Yet, the pros are taking the ride in stride. “While this type of volatility can be startling when it occurs, it’s been the norm historically,” said Peter Hardy, senior client portfolio manager of global value strategies at American Century Investments, in an Aug. 22 interview. “We have seen a period of abnormally low volatility, and over the last year we’ve just returned to a period of more normal volatility — not even high, but normal.”

The bumpy ride has resulted in markets hitting record highs this year, while one-year returns are flat. As of Aug. 31, the one-year performance of the S&P/TSX Composite and S&P 500 was a dismal 0.2% and 0.7%.

In contrast, Hardy said his team, which manages the Renaissance U.S. Equity Income Fund, is up 7% over a one-year period by protecting on the downside. “Volatility can be our friend.”

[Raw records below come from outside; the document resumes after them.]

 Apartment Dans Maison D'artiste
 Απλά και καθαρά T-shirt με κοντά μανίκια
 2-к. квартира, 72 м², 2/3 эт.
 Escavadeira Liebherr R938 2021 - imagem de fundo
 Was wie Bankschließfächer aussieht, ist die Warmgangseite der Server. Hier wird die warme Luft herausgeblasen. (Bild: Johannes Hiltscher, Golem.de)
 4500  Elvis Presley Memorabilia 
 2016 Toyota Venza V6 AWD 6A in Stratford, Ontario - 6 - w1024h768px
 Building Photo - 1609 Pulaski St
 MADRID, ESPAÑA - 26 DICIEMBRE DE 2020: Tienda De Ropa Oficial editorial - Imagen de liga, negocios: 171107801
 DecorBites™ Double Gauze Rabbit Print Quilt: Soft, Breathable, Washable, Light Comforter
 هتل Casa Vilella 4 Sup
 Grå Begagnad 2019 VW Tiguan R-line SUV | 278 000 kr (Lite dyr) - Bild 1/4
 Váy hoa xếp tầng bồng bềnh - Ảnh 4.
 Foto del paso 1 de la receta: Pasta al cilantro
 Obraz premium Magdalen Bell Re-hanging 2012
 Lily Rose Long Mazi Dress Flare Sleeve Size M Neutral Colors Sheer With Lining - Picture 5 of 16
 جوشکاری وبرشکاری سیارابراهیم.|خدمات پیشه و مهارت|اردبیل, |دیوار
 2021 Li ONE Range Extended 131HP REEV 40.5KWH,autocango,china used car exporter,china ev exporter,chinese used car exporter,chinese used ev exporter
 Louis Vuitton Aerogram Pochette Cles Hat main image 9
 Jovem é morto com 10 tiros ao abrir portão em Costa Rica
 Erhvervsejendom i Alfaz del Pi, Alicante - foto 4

That friendship could continue to be an important one if the U.S. and China don’t play nice when both sides meet in Washington in October.

Valuation considerations

To successfully manage volatility amid trade tensions, Hardy distinguishes between the valuations of individual businesses versus global assets.

With individual businesses, “our approach has always been conservative,” he says. For example, valuation inputs include a company’s normal returns over five to 10 years.

With best-case returns, “companies can be overvalued,” he said.

Further, he analyzes a company’s downside potential for returns to ascertain a downside valuation. Based on the stock’s current trading price, “we can see the discount to its normal valuation and the premium to its downside valuation,” he said.

As a result of his team’s analysis, trade tariffs are put in perspective despite market reaction.

“Increased costs resulting from tariffs, while impacting short-term earnings, do not impact the long-term return-on-capital assumption that we make,” he said. For example, over time, costs can be passed on to customers, and issues related to a company’s geographic location can be mitigated by a move.

U.S. multinational tech giant Intel exemplifies his valuation method.

“Intel’s customers are large computer brands or contract manufacturers in China,” Hardy said. “From a direct tariff standpoint, they would be impacted.”

However, the company has largely built its supply chain in China for China, and has manufacturing facilities in the U.S., Ireland and Israel. “By virtue of that, it mitigates some of the tariff issues associated with Chinese exposure under our valuation approach,” Hardy said, adding that his team remains vigilant with continual evaluation.

At the same time, a trade war is a very real risk to asset prices in aggregate, he said.

Assets are currently overvalued across the board, in part because of accommodative monetary policy, which has allowed companies to take on more debt during a time of stable growth. That time is coming to an end.

“The volatility that we’ve seen over the last year has largely been caused by concerns about global economic growth, which bring into question the sustainability of high worldwide debt levels,” Hardy said. In July, the International Monetary Fund downgraded its previous global growth forecast by 0.1%, to 3.2% in 2019 and 3.5% in 2020.

China’s growth, for example, has been fuelled in part by large increases in debt, which presents an increasing risk to the global economy as trade tensions rise and growth slows.

“We’ve seen volatility come back in the market as the risks have become more evident,” Hardy said, adding that volatility is likely to persist into 2020. His team is prepared.

“Our approach has been one that’s provided protection in periods of market volatility and reasonable returns as the market is going up,” he said. “That is why we have been doing well.”